The plot, centring on the devotion in extremis of the Lombard Queen and her exiled husband Bertarido, is, by Baroque standards, a model of clarity; and the music is glorious, not only for the heroine but also for Bertarido (whose "Dove sei?" became a Handelian hit as "Art thou Troubled?") and for the vicious, ultimately remorseful usurper Grimoaldo.
A long-overdue modern Rodelinda appeared on Virgin in 1998. But this new version eclipses it, both for Alan Curtis's sharper, bolder direction and for the richer characterisation of its leading roles.
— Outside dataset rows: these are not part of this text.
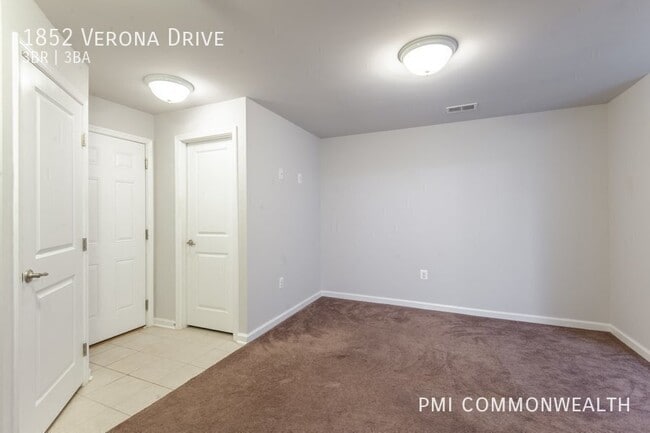 Building Photo - 1852 Verona Dr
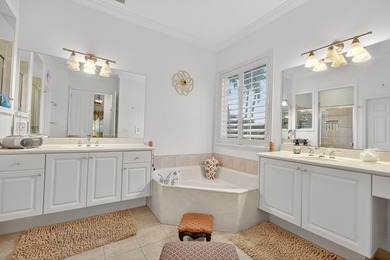 PRICED TO SELL! READY FOR A QUICK CLOSING! FALCON FLOORPLAN POOL on Palm Beach Gardens Golf Course in Florida - for sale on GolfHomes.com, golf home, golf lot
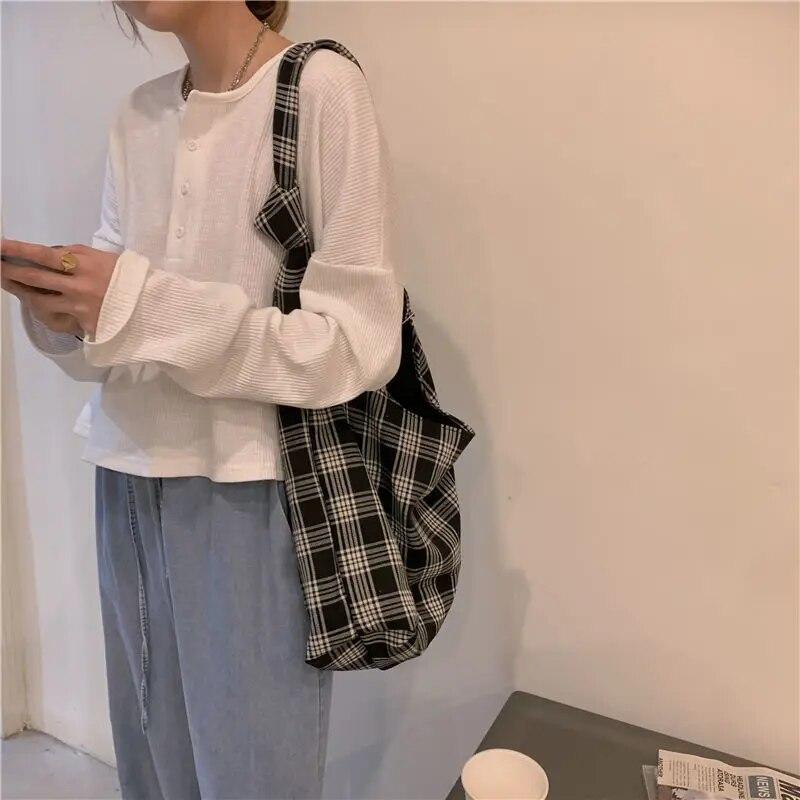 VAYLA Long Sleeve T-shirts Women Elegant Simple Pure Button Design Retro Ins Ladies Tees Top All-match BF Style Clothes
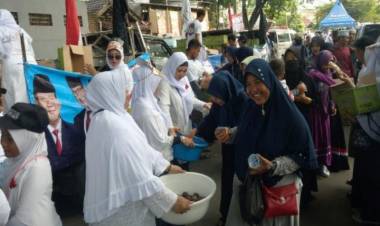 Relawan Emak-emak Kece Bagi Makanan Gratis Pada Kampanye Prabowo-Sandi di Tangerang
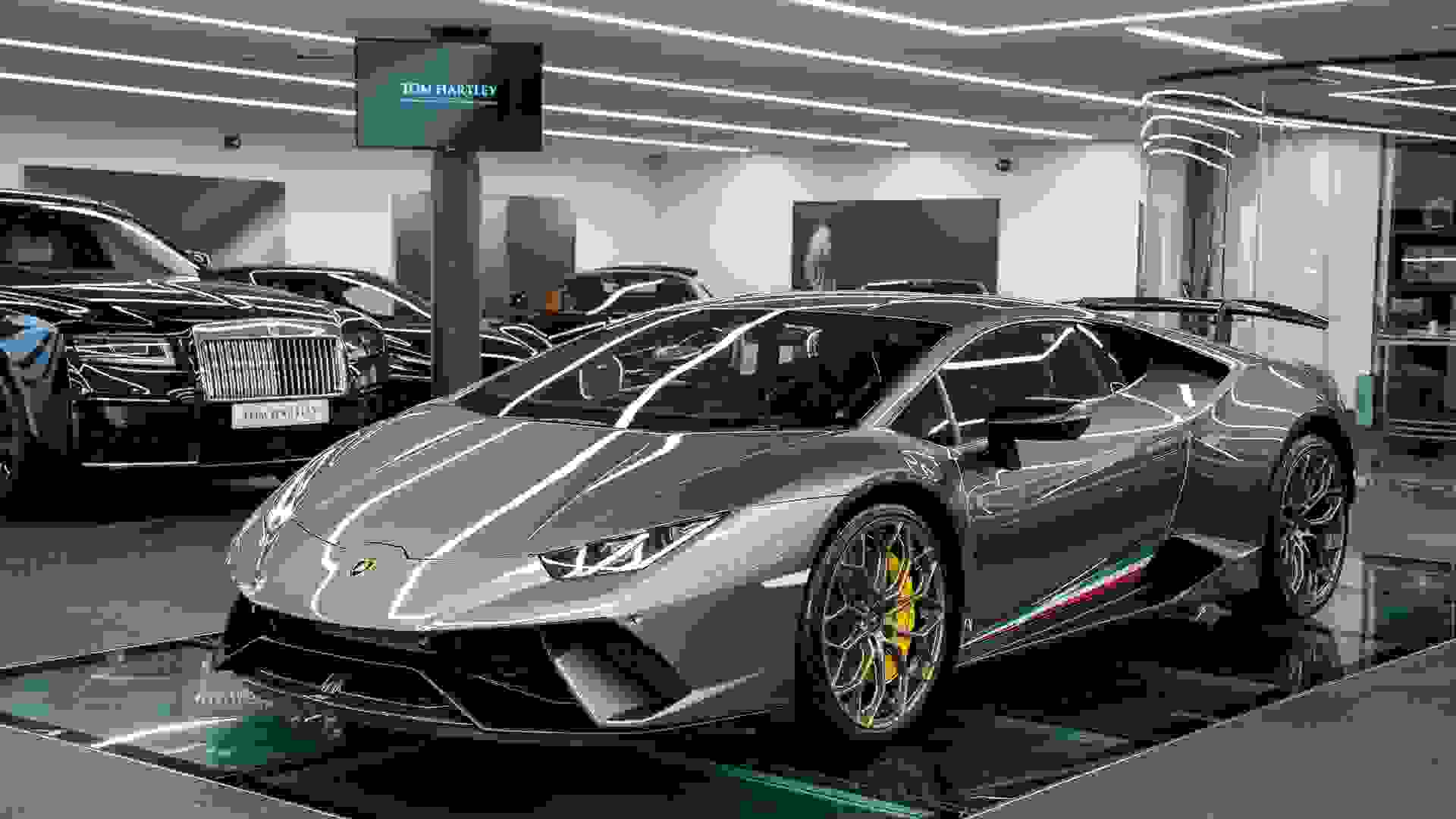 Lamborghini Huracan Photo cdf82cd4-5f73-4177-9320-31cdf6c5dd4f.jpg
Touching in the pastoral lament "Ombra, piante" and formidable in her expressions of passion and defiance, Simone Kermes gives Rodelinda a true tragic grandeur. With her strong, androgynous tone, contralto Marijana Mijanovi'c ensures that Bertarido is no mooning.
Steve Davislim, an elegant Handel stylist, makes much of the complex figure of Grimoaldo. The minor parts are all vividly done, setting the seal on a magnificent account of one of the half-dozen indispensable Handel operas.
Richard Wigmore, Telegraph
Memories of Glyndebourne's production are here rekindled by this fine new recording of Handel's powerful work (one which often drawn parallels with Beethoven's Fidelio thanks to certain similarities of plot). It was, interestingly, the piece that spearheaded the 20th-century Handel revival when it was heard in Göttingen in 1920. It's well worth hearing in 2005, especially when done as superbly as it is here.